In California, the independent system operator requires a central wind forecasting service, which is provided by TrueWind. Even with that service, the California balancing market does not require an immediate truing up of a resource's balancing account. Instead, it allows wind projects to true up their accounts by averaging imbalances over a month, an approach which avoids the economic inequities of penalising wind for under-production one day and over-production the next. It is a good solution for an imperfect market, says Caldwell.

But he prefers real-time balancing on the spot market, as operated by PJM Interconnection (the Pennsylvania-New Jersey-Maryland Independent System Operator that touches on seven states). Here each generator, regardless of type, schedules its production 24 hours ahead, but it can true up 20 minutes ahead. Any imbalance that remains at the time of delivery is dealt with on the spot market at spot market prices. The PJM approach avoids the requirement of most systems for precise advance delivery schedules. "It sort of naturally allows wind into the system at the right cost," says Caldwell. The PJM comes closest in the US to a theoretically perfect solution to pricing wind imbalance, he adds.
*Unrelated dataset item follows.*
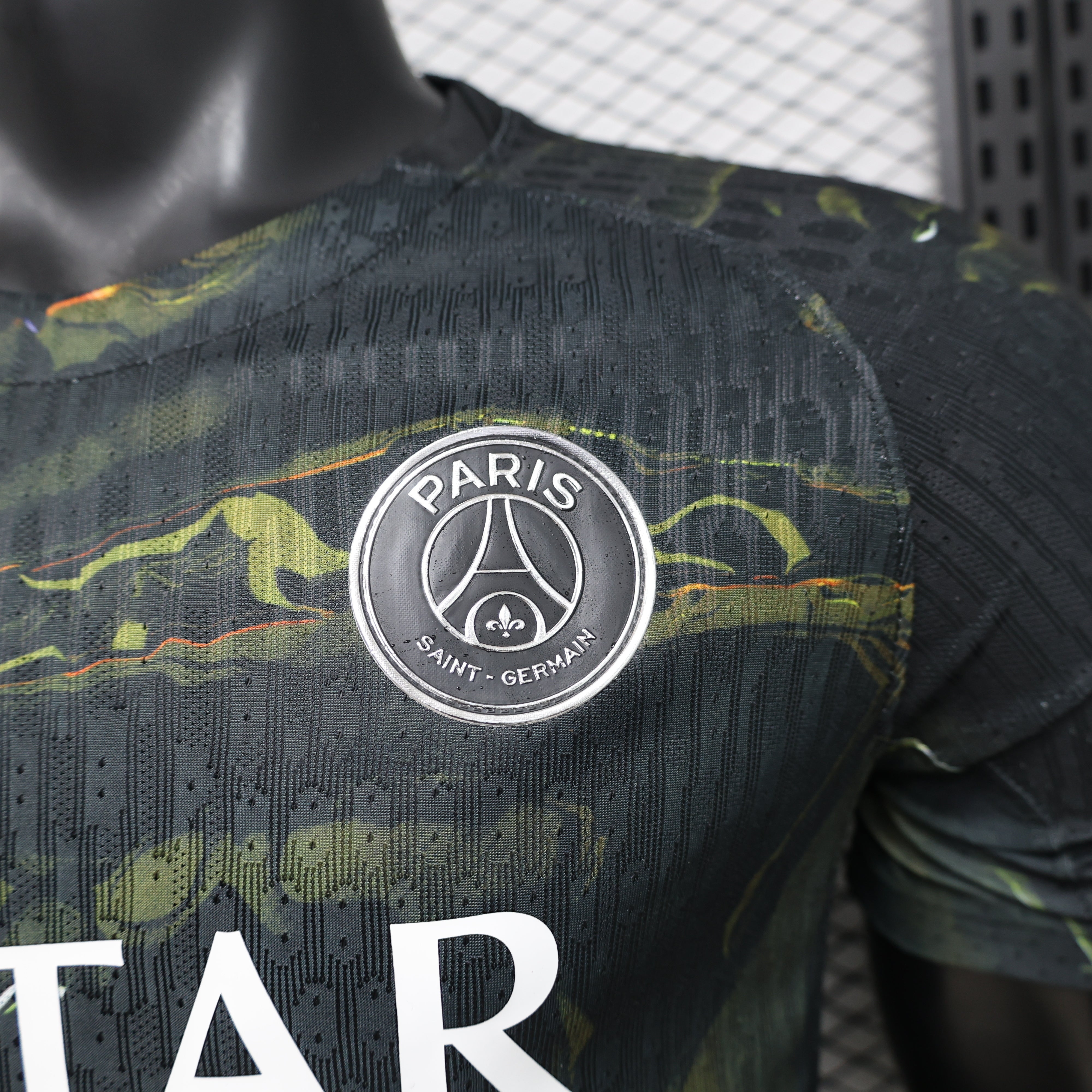 PARIS SAINT GERMAIN - MAILLOT FOURTH JOUEUR 26/27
Because the FERC's SMD proposal is so disliked by state governments and the US energy industry, it is unlikely it will be included in a 2004 United States energy bill, if there is a bill at all this year. The SMD would establish nationwide deregulation of electricity markets, something states are hesitant to embrace after the shocking failure of California's deregulation experiment. For its part, the energy industry dislikes having to join regional transmission organisations and perhaps giving up control over transmission assets.

Without any sign of the SMD coming into being, the wind industry is scrambling for other ways to ensure wind gets equal treatment by transmission organisations. AWEA, says Caldwell, is beefing up its regional efforts to get fair transmission tariffs for wind generators. Wind advocates are seeing some gains in the strategy. California, the PJM Interconnection and to some extent BPA area already taking steps to take account of wind in their market rules. As other regional transmission organisations, such as the Midwest ISO, get on their feet, the industry will be there on the ground floor to ensure the rules do not prevent wind from being able to compete in the market.
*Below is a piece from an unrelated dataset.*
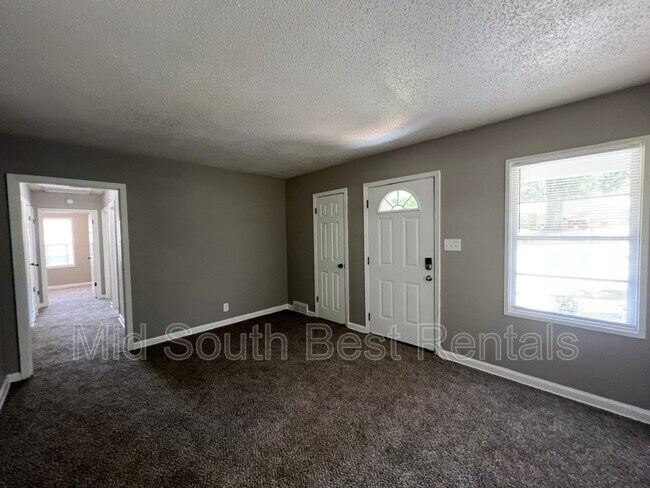 Photo - 3457 Madewell St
AWEA and other wind advocates are also going back to FERC to ask for a technical conference aimed at exposing integration issues for wind resources and then recommending a "best practices" document that would guide utilities under FERC's jurisdiction to deal fairly with wind power. Caldwell favours guidance in preference to force at this time. He warns that an attempt to draft mandatory rules for integrating wind generation would likely end up being so watered down it would not be worth the trouble.